--- Source data ---
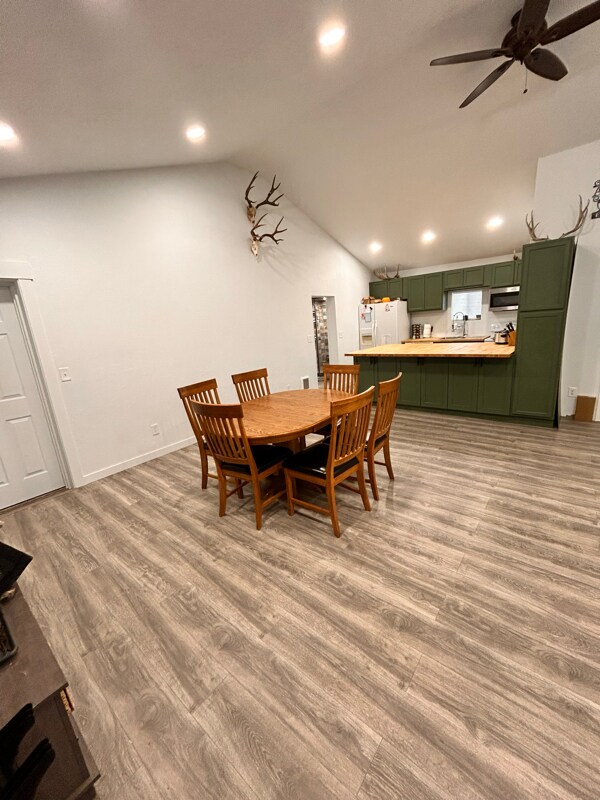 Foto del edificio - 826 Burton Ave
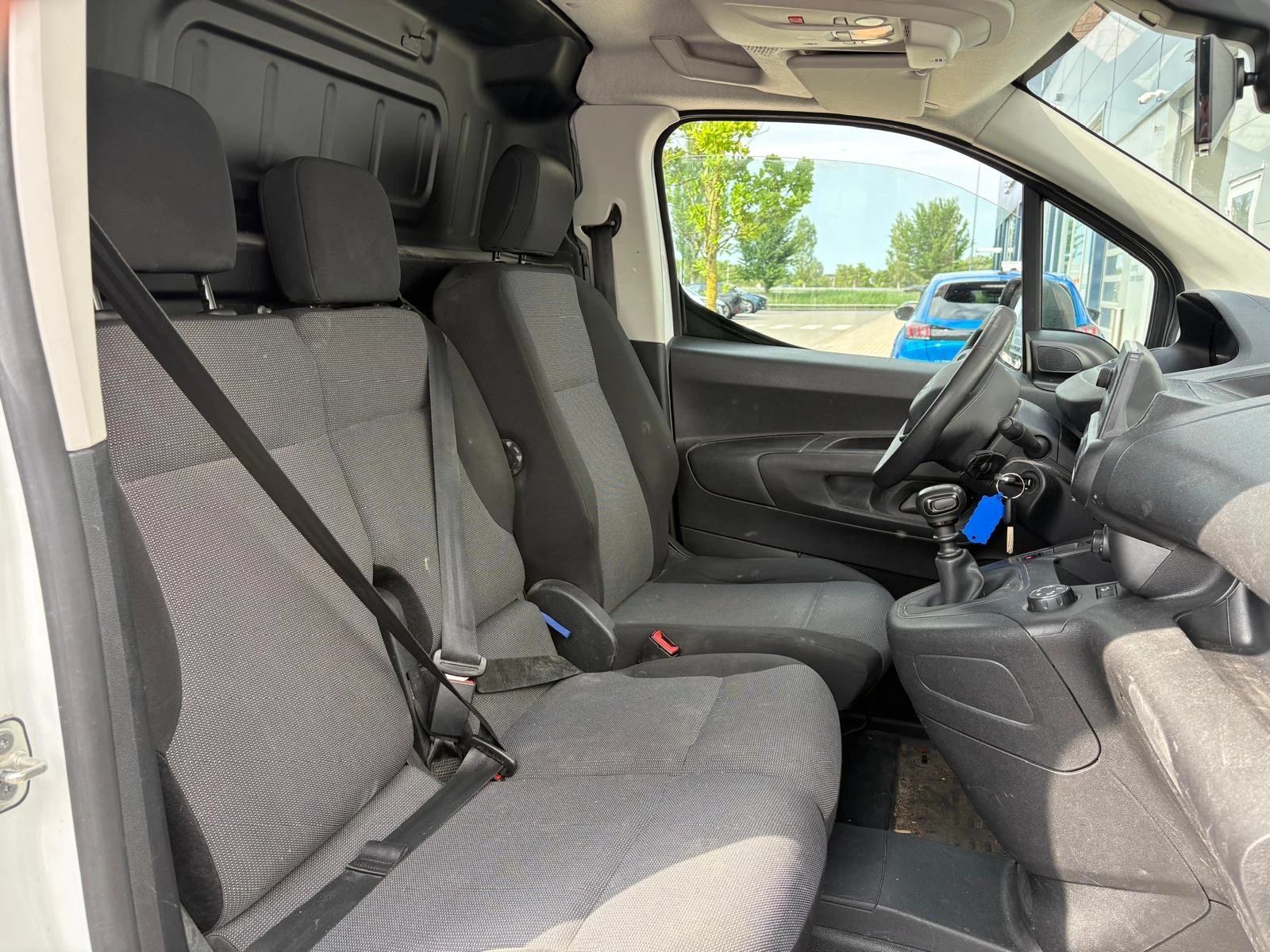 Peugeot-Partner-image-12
---
--- Source data ---
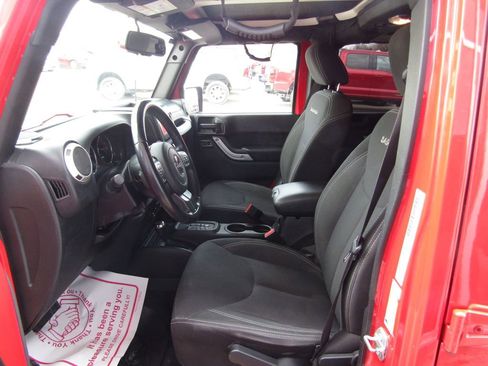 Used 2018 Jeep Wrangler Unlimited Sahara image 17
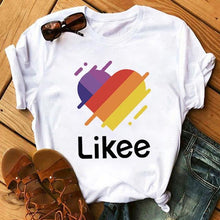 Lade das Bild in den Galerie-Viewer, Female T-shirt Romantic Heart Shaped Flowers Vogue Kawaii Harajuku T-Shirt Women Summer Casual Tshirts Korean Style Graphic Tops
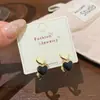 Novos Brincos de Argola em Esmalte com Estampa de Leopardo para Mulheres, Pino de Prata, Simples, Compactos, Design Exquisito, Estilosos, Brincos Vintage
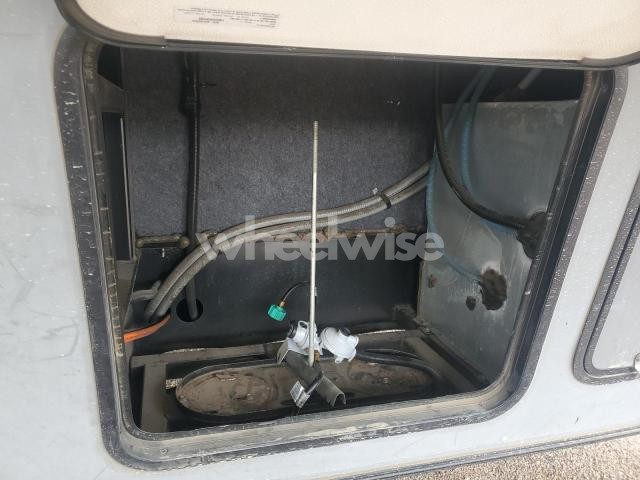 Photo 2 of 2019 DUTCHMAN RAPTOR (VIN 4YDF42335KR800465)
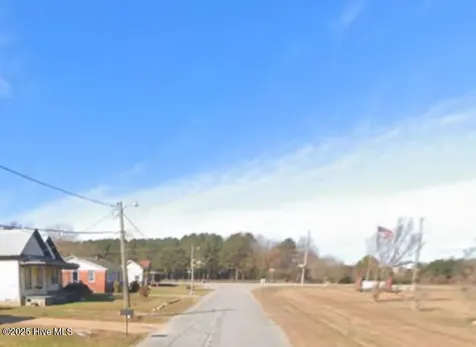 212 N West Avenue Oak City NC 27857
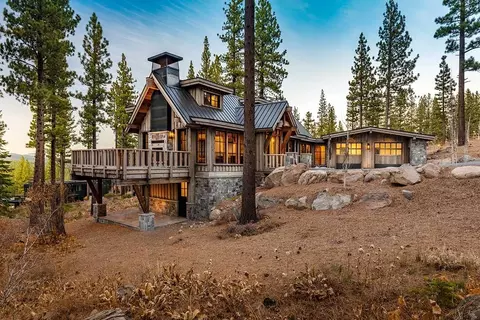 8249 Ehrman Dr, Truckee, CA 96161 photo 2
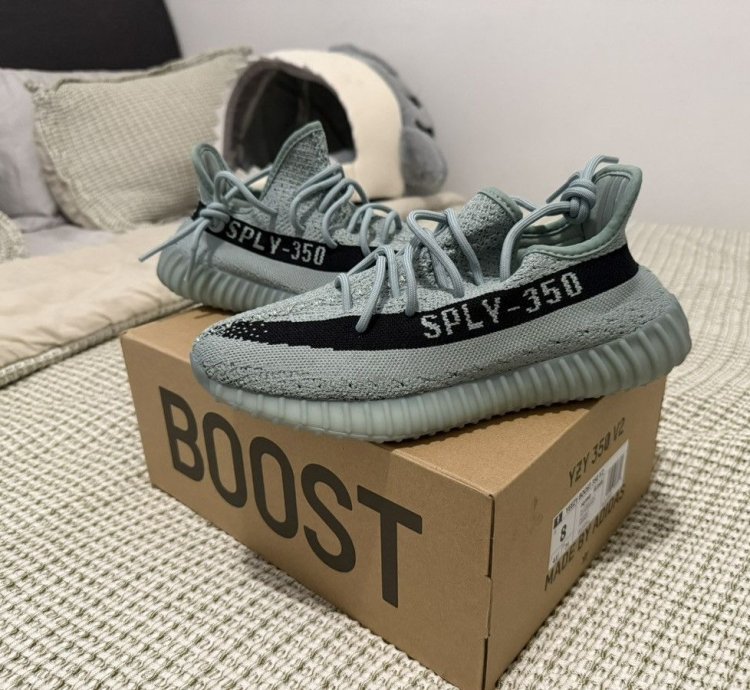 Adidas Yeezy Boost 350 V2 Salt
---
--- Source data ---
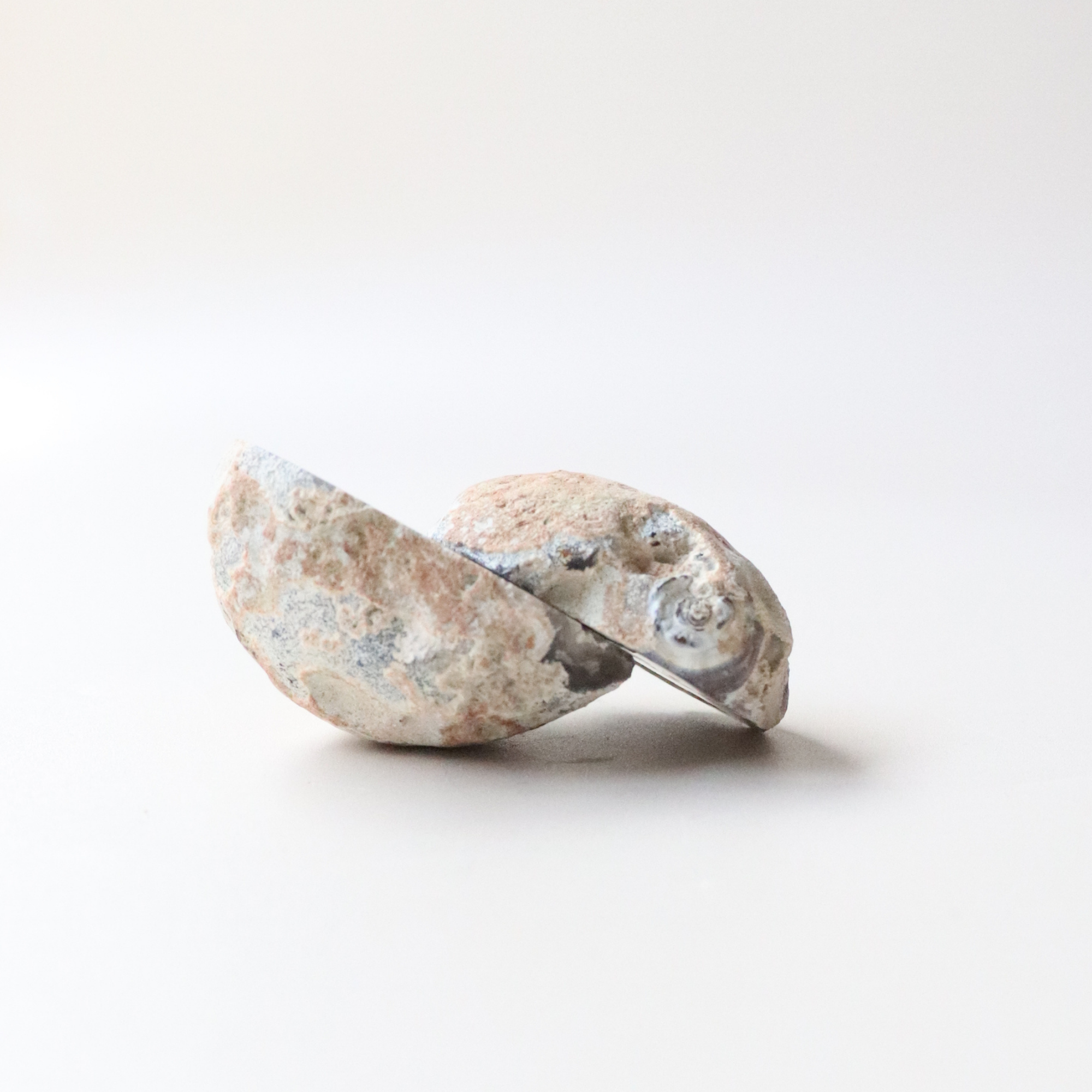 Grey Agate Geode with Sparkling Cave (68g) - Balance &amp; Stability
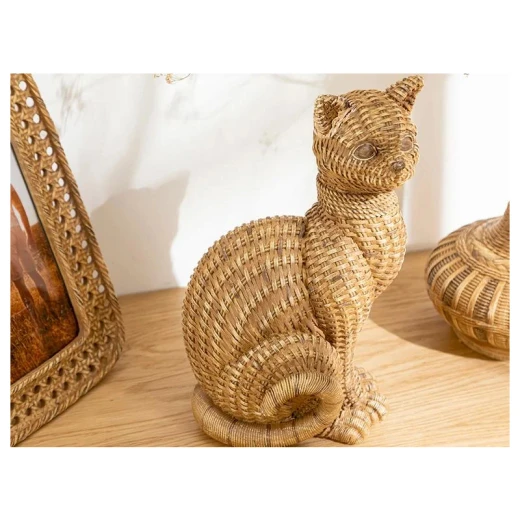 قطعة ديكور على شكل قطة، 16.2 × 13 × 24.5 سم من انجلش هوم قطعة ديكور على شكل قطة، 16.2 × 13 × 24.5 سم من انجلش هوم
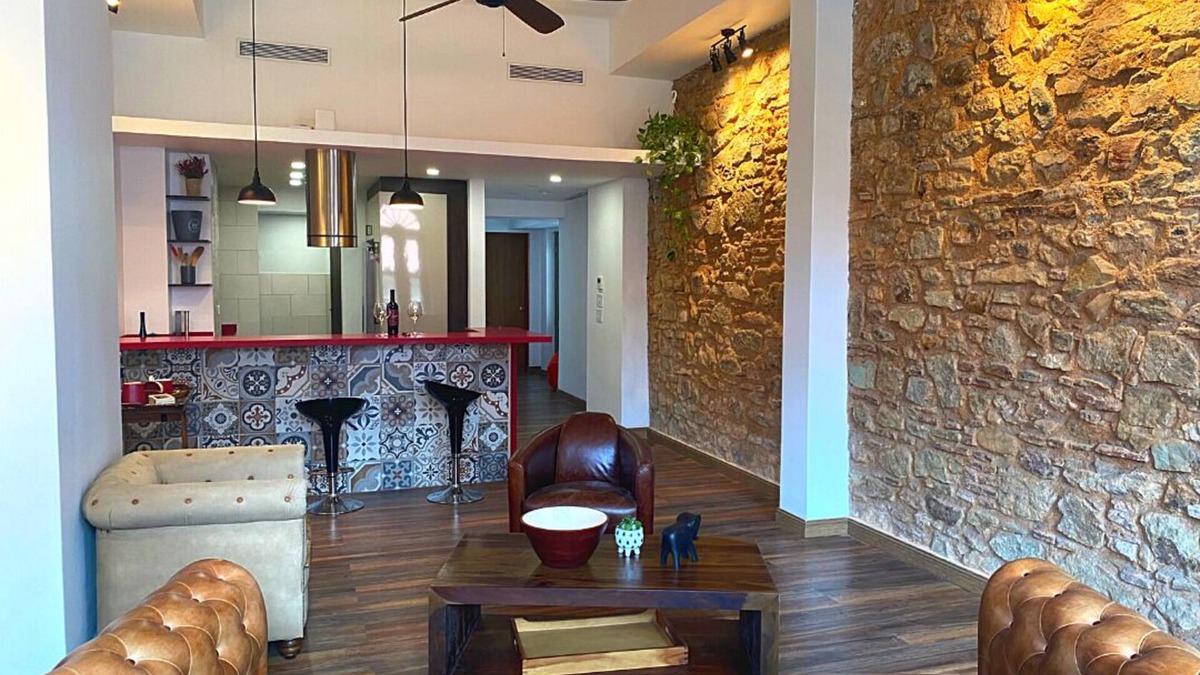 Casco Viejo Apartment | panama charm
---
Your objective:
Each line above that falls between the line with "Foto del edificio - 826 Burton Ave" and the line with "Peugeot-Partner-image-12" should be printed exactly, together with those two lines, but the pictures should not.

Task result:
 Foto del edificio - 826 Burton Ave
 Peugeot-Partner-image-12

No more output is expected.